Na infância já havia trabalhado como assistente de serviços gerais em um circo que rodava o interior. Quando as coisas apertaram, passou a observar uma galera que trabalhava no semáforo. Um deles era o psicólogo Marcelo Mamute, de Ribeirão Preto, que enfrentava problemas de dependência química “da droga mais pesada” – “eu nem gosto de ficar falando o nome”. Carlos penava em construir seus números, de forma independente, nos semáforos. Até que Mamute, um amigo das ruas, deu a letra: “Tem uma praça lá, que tem um encontro de artistas de rua, todas as terças-feiras”.

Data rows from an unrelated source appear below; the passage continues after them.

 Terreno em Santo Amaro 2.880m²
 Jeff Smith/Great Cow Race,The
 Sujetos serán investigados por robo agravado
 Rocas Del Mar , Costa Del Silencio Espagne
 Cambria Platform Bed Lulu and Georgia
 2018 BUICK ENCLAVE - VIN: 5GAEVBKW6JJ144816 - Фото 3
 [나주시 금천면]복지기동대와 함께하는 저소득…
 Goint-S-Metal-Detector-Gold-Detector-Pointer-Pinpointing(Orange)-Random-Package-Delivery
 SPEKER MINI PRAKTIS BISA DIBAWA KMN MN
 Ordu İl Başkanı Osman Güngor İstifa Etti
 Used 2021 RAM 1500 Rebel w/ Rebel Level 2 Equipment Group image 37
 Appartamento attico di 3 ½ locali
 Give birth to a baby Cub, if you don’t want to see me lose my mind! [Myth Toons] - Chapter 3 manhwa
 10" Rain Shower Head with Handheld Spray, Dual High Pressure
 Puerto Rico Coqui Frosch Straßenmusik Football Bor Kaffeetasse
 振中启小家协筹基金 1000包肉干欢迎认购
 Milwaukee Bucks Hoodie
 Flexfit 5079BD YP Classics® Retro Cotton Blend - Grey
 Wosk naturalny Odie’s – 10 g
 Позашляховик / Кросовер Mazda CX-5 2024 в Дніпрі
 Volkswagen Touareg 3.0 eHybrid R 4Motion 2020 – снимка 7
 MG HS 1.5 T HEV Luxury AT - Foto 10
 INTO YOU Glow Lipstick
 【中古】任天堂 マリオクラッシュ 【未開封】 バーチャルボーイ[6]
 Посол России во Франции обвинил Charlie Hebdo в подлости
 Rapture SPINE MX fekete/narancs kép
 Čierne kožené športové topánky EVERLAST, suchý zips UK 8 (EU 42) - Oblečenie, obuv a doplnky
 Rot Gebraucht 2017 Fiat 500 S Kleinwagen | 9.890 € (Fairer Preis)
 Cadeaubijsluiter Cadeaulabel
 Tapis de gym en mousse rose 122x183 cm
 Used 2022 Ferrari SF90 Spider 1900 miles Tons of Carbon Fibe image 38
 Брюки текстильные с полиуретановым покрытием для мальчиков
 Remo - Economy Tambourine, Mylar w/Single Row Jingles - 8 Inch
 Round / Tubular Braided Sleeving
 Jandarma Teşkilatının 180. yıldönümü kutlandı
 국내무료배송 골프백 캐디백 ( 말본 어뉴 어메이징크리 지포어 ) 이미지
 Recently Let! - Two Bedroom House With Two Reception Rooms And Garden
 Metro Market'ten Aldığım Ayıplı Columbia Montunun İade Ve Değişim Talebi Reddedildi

“Isso foi um fator principal pra mim, que eu comecei a explorar esse lado da arte. Traz aí um benefício pra mim, não ganha muito, ganho o razoável pra poder, quando tá numa outra cidade, você pode dormir numa pousada, pode dormir num hotel, você pode ter o dinheiro de sua alimentação para você evitar precisar de equipamento.”

Carlos conta que evitar os equipamentos é alívio porque estão muito defasados para atender a população em situação de rua. Organizar-se, portanto, é mais que necessário para algo mudar. Mas…

“São tantas conferências, tantas cartas enviadas aos órgãos competentes, mas mesmo assim nós continuamos lutando, mas já é bastante escaldante, porque você já fica cansado, porque você vê o descaso em cima da política que já existe.

“É muito difícil mobilizar pessoal em situação de vulnerabilidade, porque eles já estão descrentes de tudo, no mundo deles eles não acreditam mais em nada, então essa é uma das dificuldades, porque a pessoa na vulnerabilidade ela quer que as coisas aconteçam rápido, de uma hora pra outra, e o movimento ele não oferece casa, dinheiro, não oferece nada no lado material, quando há essas parcerias, aí nós compartilhamos. Então quando não, aí é quando fica bastante dificultoso.”

O semáforo fecha de novo. Nos despedimos. Lá vai ele pro ganha-pão. Mas, enquanto saía, ele me chama.

“Tem como me arrumar um cigarro desse aí?”